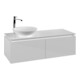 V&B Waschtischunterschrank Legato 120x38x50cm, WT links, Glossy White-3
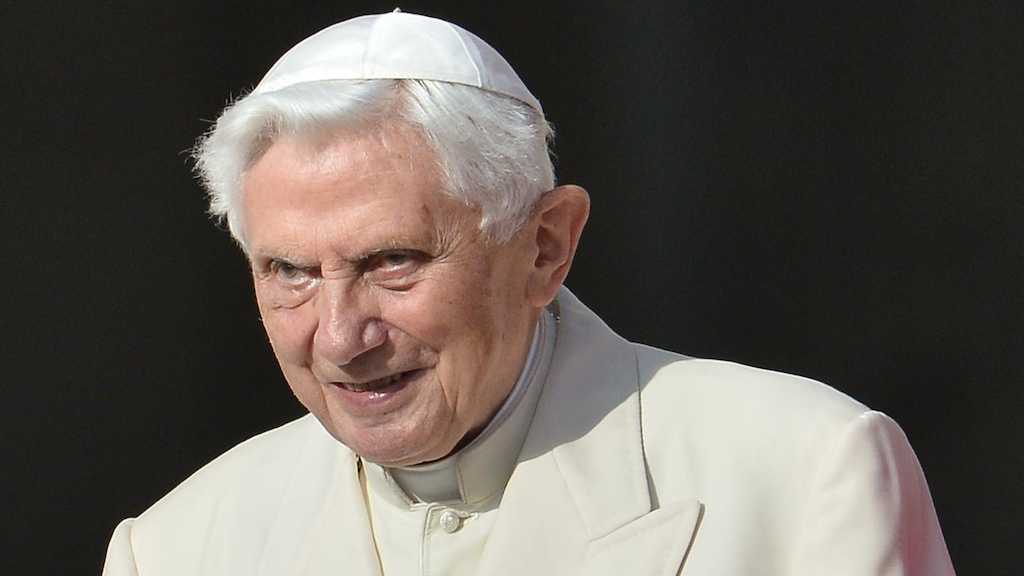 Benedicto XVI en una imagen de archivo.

|---|

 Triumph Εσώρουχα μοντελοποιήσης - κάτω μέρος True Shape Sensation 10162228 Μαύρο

|---|

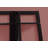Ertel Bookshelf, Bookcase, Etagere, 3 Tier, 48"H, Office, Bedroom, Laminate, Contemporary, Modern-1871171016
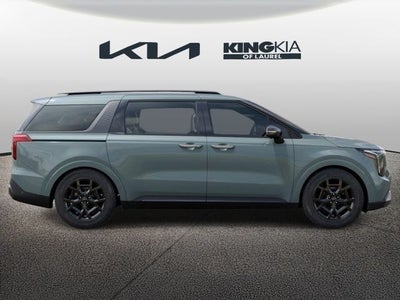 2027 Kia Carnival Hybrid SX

|---|

Because only one stretch of the records is wanted, please output the lines from the one holding "Ertel Bookshelf, Bookcase, Etagere, 3" through the one holding "2027 Kia Carnival Hybrid SX" exactly, both included, and leave every picture out.

Ertel Bookshelf, Bookcase, Etagere, 3 Tier, 48"H, Office, Bedroom, Laminate, Contemporary, Modern-1871171016
 2027 Kia Carnival Hybrid SX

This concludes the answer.